Verdict: FY2026 Q2 was a mixed but improving quarter operationally, with solid margin repair and strong cash conversion offset by still-low capital efficiency and elevated leverage. Revenue declined 12.5% YoY to 2,127.04, but operating income rose 36.4% YoY to 82.50 as cost discipline and mix improved. Using the disclosed YoY changes, we estimate operating margin expanded roughly 140 bps to 3.9% from about 2.5% last year despite the topline contraction. Gross profit was 476.41 for a gross margin of 22.4%, indicating better spreads versus cost of sales of 1,650.63. Non-operating items were material: net non-operating income of about 76.6 (105.55 income less 28.93 expenses) lifted ordinary income to 159.12 (+737.9% YoY), highlighting earnings reliance beyond core operations. Profit before tax was 140.04 and net income reached 108.86 with an effective tax rate of 18.1%; however, the YoY decline in net income (-96.5%) implies a large prior-year one-off gain distorting comparability. Cash quality was robust: operating cash flow of 315.95 was 2.9x net income, signaling healthy conversion and likely working-capital inflows. Liquidity was solid with a current ratio of 165.5% and quick ratio of 127.8%, and working capital of 1,150.72 provides buffer against short-term obligations. Leverage is manageable on a D/E basis at 1.04x, but Debt/EBITDA of 10.54x points to high leverage relative to earnings capacity. ROE stands at 2.6% and ROIC at 1.1%, both below cost of capital and signaling capital efficiency challenges that need strategic attention. EBITDA of 205.33 (9.7% margin) and interest coverage of 4.95x sit near comfort thresholds, emphasizing the need for continued margin expansion and deleveraging. Dividend visibility is low due to unreported DPS; the calculated payout ratio of 107.3% may reflect depressed earnings and is likely not sustainable without FCF support. Balance sheet includes sizable investment securities (2,186.06) and goodwill/intangibles (982.74 combined), which carry valuation and impairment risk in a soft demand environment. Forward-looking, key levers are further price-cost spread improvement, utilization recovery, and non-operating income normalization. Overall, the quarter demonstrates operational progress and strong cash conversion but underscores the urgency to lift ROIC and reduce leverage reliance.

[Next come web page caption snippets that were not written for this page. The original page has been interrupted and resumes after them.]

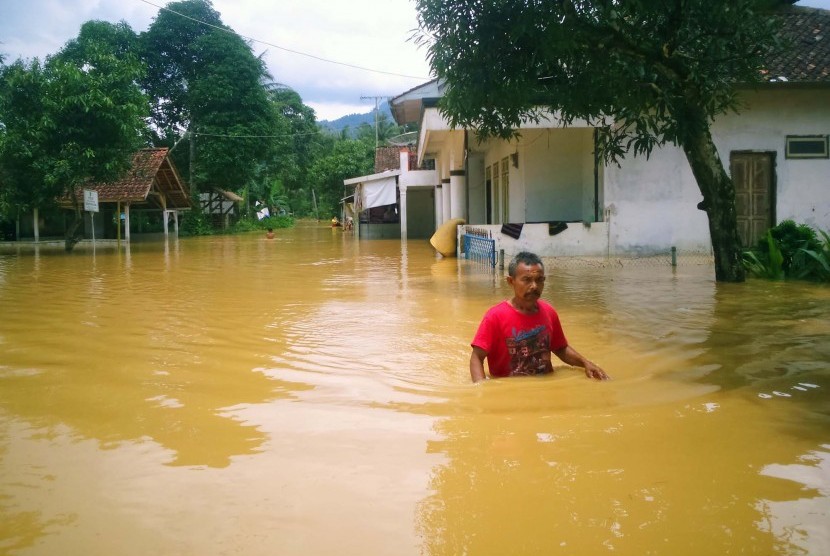 Penduduk berjalan digenangan banjir luapan Sungai Citanduy dan Cikidang, di Desa Tanjungsari, Kecamatan Sukaresik, Kabupaten Tasikmalaya, Kamis (17/3). Banjir mengakibatkan sedikitnya 500 rumah terendam.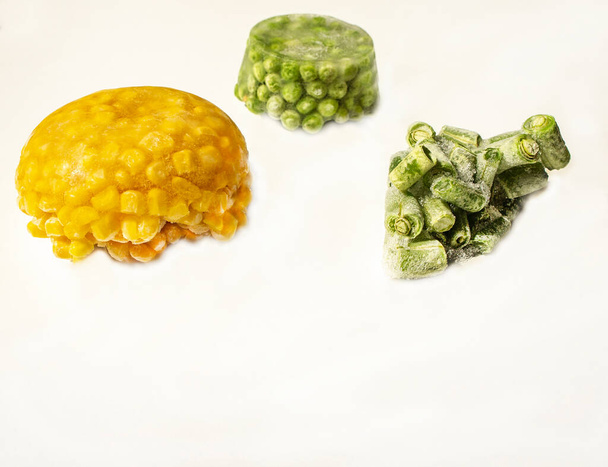 Замороженные овощи крупным планом на белом фоне. Холодная кукуруза, зеленый горох, нарезанные зеленые бобы. Здоровое питание, сырая веганская еда. Копирование пространства
 - Фото, изображение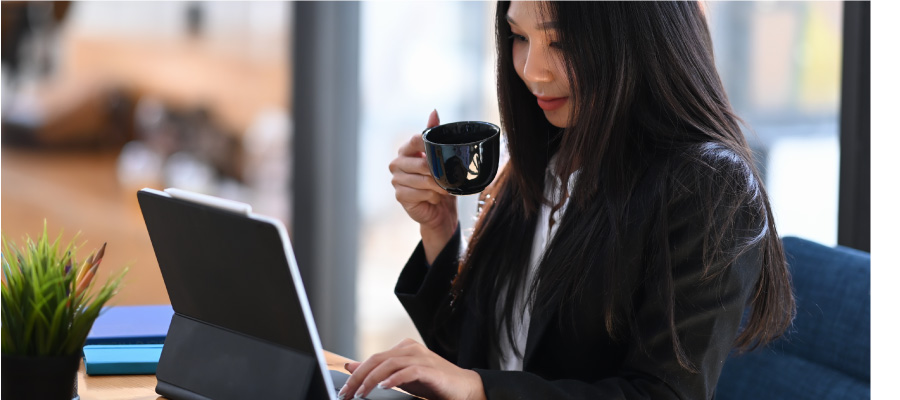 Woman reading on a device while drinking from a mug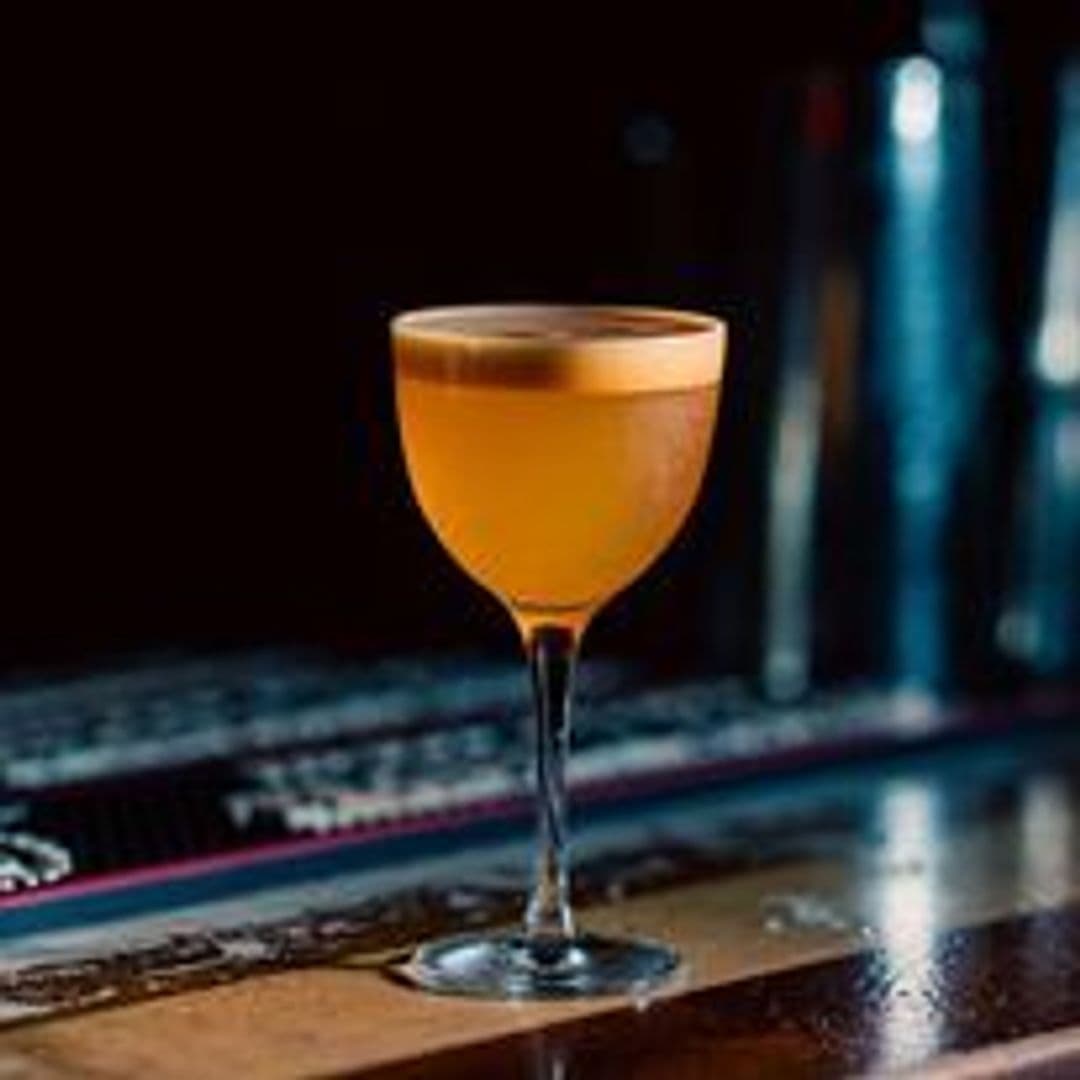 Elegant cocktail glass with amber-colored drink on a bar at Neon Cactus.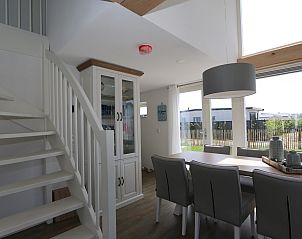 Dining area in Holiday Home Zonnedorp 18, Duinhuis 18 in Renesse, Zeeland with stylish dining table and chairs.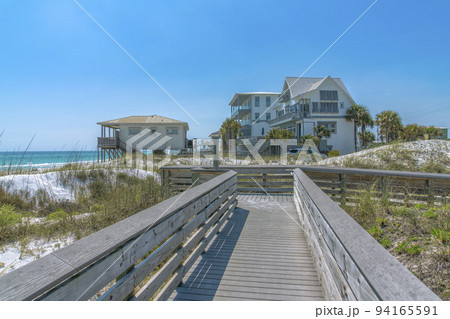 View of beach houses from a wooden boardwalk on a beach at Destin, Florida 94165591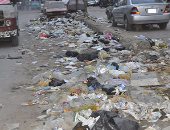 بالصور...شبرا الخيمة تستقبل العام الجديد بتراكم القمامة بالشوارع الرئيسية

ROE decomposition (DuPont): ROE 2.6% = Net Profit Margin 5.1% × Asset Turnover 0.246 × Financial Leverage 2.04x. The margin component showed the most visible improvement this quarter, with operating margin estimated to expand ~140 bps YoY to 3.9% (operating income up 36.4% despite a 12.5% revenue decline), indicating better price-cost spreads and/or mix. Asset turnover remains low at 0.246, reflecting a capital-intensive base (total assets 8,658.34) versus mid-cycle revenues; no clear evidence of improvement given the revenue contraction. Financial leverage at 2.04x is moderate, contributing a stable but limited boost to ROE. Business drivers: chemicals benefited from cost tailwinds (e.g., energy/feedstock normalization vs prior-year peaks) and SG&A efficiency, partially offsetting demand softness. Sustainability: margin gains from input cost normalization and mix are partly sustainable but could be vulnerable to commodity re-inflation and currency swings; leverage is unlikely to be a structural ROE driver given already-elevated Debt/EBITDA. Concerning trends: reliance on non-operating items remains high (net non-operating +76.6; non-operating income ratio 97%), and ROIC at 1.1% is well below the 5% warning line, signaling insufficient returns on the invested base.
Topline contracted 12.5% YoY to 2,127.04, indicating weak demand or pricing in key chemical segments. Profit growth at the operating level (+36.4% YoY to 82.50) reflects favorable cost/mix rather than volume, which is less durable if end-demand stays soft. Ordinary income surged (+737.9% YoY) due to net non-operating gains, not a recurring growth engine. EBITDA of 205.33 (9.7% margin) shows improved underlying earnings power, but still modest for the asset base. Net income fell 96.5% YoY, likely due to a prior-year extraordinary gain; thus, headline YoY comparability is poor. Outlook hinges on maintaining price-cost spreads, stabilizing volumes in autos/construction/electronics, and FX tailwinds; absent revenue recovery, further margin gains may be harder to achieve. With ROIC at 1.1%, capital discipline and portfolio pruning are needed to re-accelerate profitable growth.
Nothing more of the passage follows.